The last step of the proof is an application of the “simple max-cut” NP-hardness theorem of Garey, Johnson and Stockmeyer (1976), itself a strenghtening of Karp (1973)'s seminal result that “max-cut” is NP-complete. I won't explain the proofs of these results here, but let me explain what they mean and how they relate to the present discussion. First of all, computer scientists categorize problems according to the time that is required to solve them, in terms of the size of the entries. This notion depends on the actual computer that is used, but the theory of Turing machines allows to single out two classes, P and EXP, consisting of problems which can be solved in polynomial, respectively exponential, time in term of the size of the entries. A second notion, introduced by Karp, is that of NP problems, problems which can be solved in polynomial time by a “non deterministic Turing machine” — “nondeterministic” means the computer can parallelize itself at will when it needs to consider various possibilities. This class belongs to EXP (because one can simulate in exponential time a polynomial time nondeterministic algorithm) and also corresponds to the class of problems whose solution can be *checked* in polynomial time.
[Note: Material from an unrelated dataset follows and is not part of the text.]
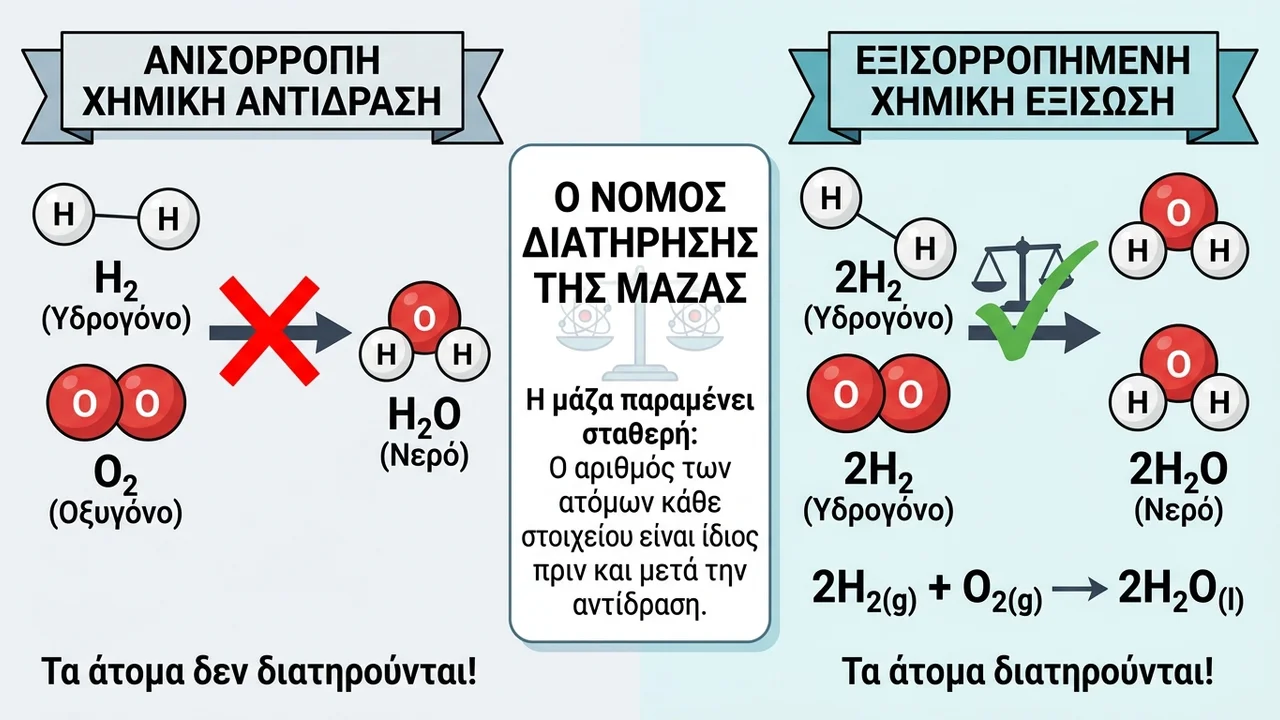 Γράψιμο & Εξισορρόπηση Χημικών Εξισώσεων: Οδηγός για Μαθητές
Our problem is to find a subset $S$ of $\{1,\dots,n\}$ that maximizes $c(S)$. This is a restriction of the “general max-cut” problem where, given an integer valued function $w$ on the set of edges, on wishes to find subset that maximizes $c(S;w)$, the sum of the weights of the edges which have one endpoint in $S$ and the other outside of $S$. Karp (1973) observed that the existence of $S$ such that $c(S;w)\geq m$ is an NP problem (if one is provided $S$, it takes polynomial time to compute $c(S;w)$ and to decide that it is at least $m$), and the naïve search algorithm is in EXP, since there are $2^n$ such subsets. Moreover, Karp proves that any NP problem can be reduced to it in polynomial time. This is what is meant by the assertion that it is NP-complete. Consequently, determining $\sup_S c(S;w)$ is NP-hard: if you can solve that problem, then you can solve the “max-cut” problem in polynomial time, hence any other NP-problem. A subsequent theorem by Garey, Johnson and Stockmeyer (1976) established that restricting the max-cut problems to $\pm1$ weights is still NP-hard, and this completes the proof of Rohn's theorem.

(Aside, to insist that signs matter: a theorem of Edmonds and Karp (1972), one can solve the “min-cup” problem in polynomial time, which consists in deciding, for some given integer $m$, whether there exist $S$ such that $c(S;w)\leq m$.)